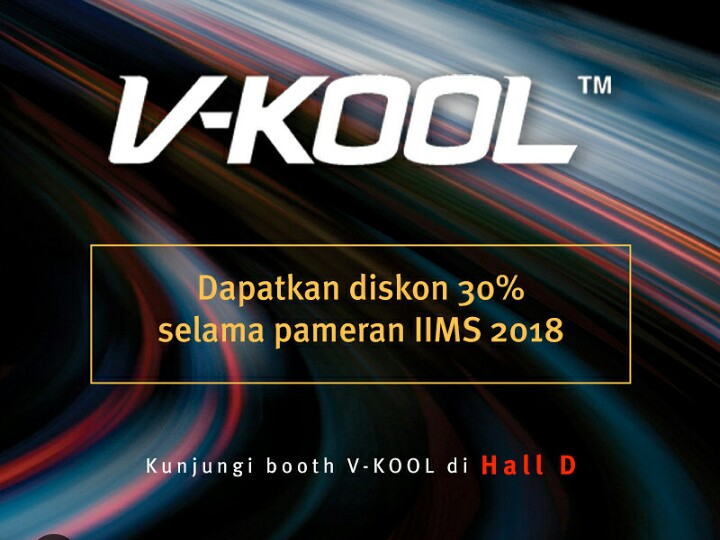 V-Kool kasih diskon hingga 30 persen di ajang IIMS 2018. (foto : IIMS.id)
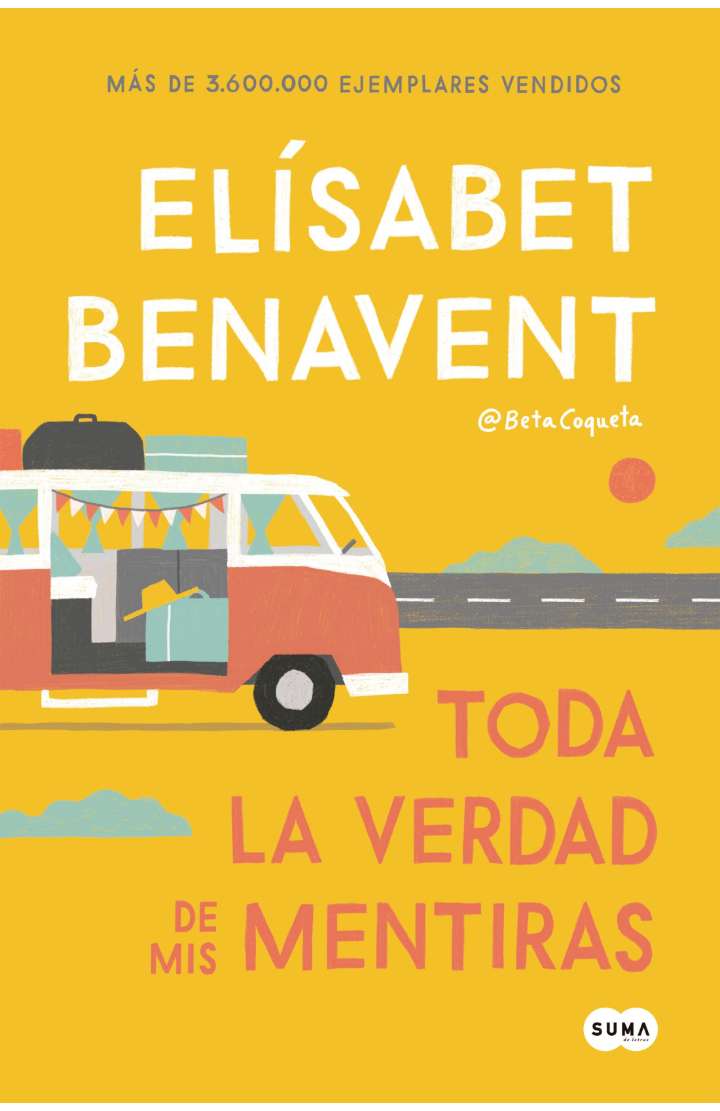 “Toda la verdad de mis mentiras” Elísabet Benavent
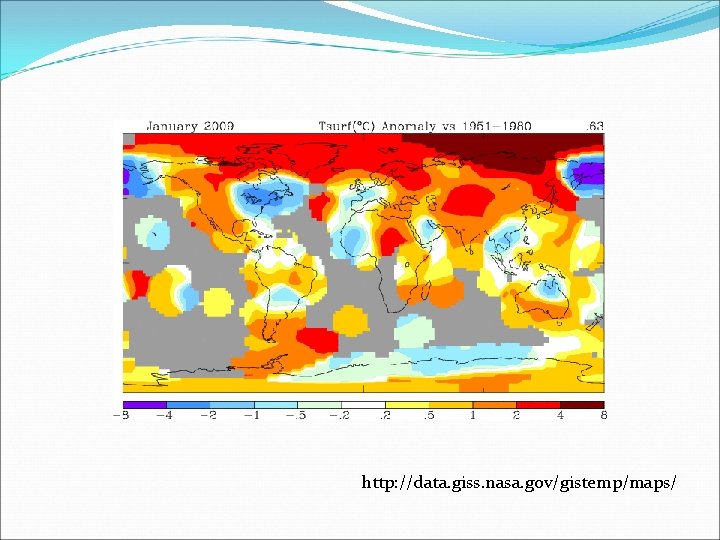 http: //data. giss. nasa. gov/gistemp/maps/ 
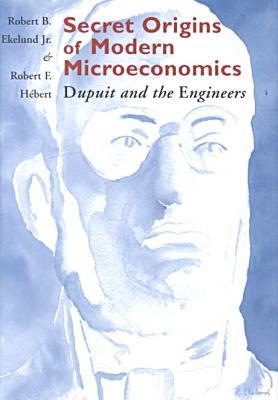 Book Secret Origins of Modern Microeconomics: Dupuit and the Engineers free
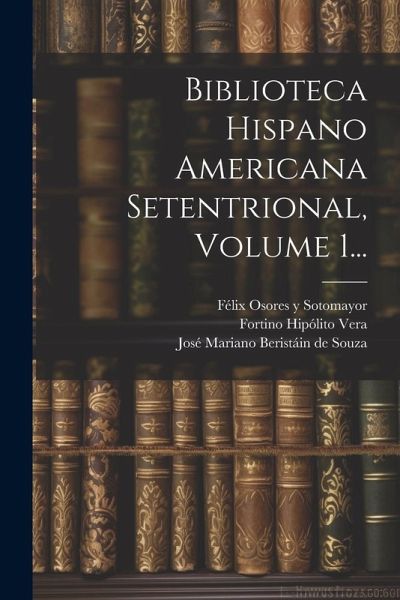 Biblioteca Hispano Americana Setentrional, Volume 1... Biblioteca Hispano Americana Setentrional, Volume 1...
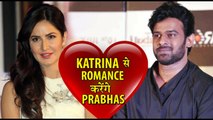 Bahubali 2 hero Prabhas will Romance With Katrina in his upcoming film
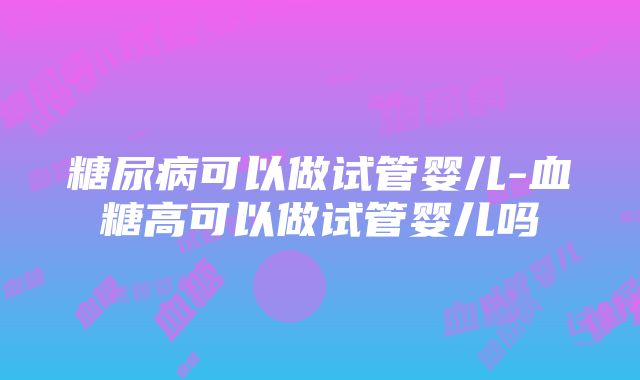 糖尿病可以做试管婴儿-血糖高可以做试管婴儿吗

********************

**TASK REQUIREMENTS**. Once the pictures are set aside, please output all the data word for word.

**REPLY**.
 V-Kool kasih diskon hingga 30 persen di ajang IIMS 2018. (foto : IIMS.id)
 “Toda la verdad de mis mentiras” Elísabet Benavent
 http: //data. giss. nasa. gov/gistemp/maps/ 
 Book Secret Origins of Modern Microeconomics: Dupuit and the Engineers free
 Biblioteca Hispano Americana Setentrional, Volume 1... Biblioteca Hispano Americana Setentrional, Volume 1...
 Bahubali 2 hero Prabhas will Romance With Katrina in his upcoming film
 糖尿病可以做试管婴儿-血糖高可以做试管婴儿吗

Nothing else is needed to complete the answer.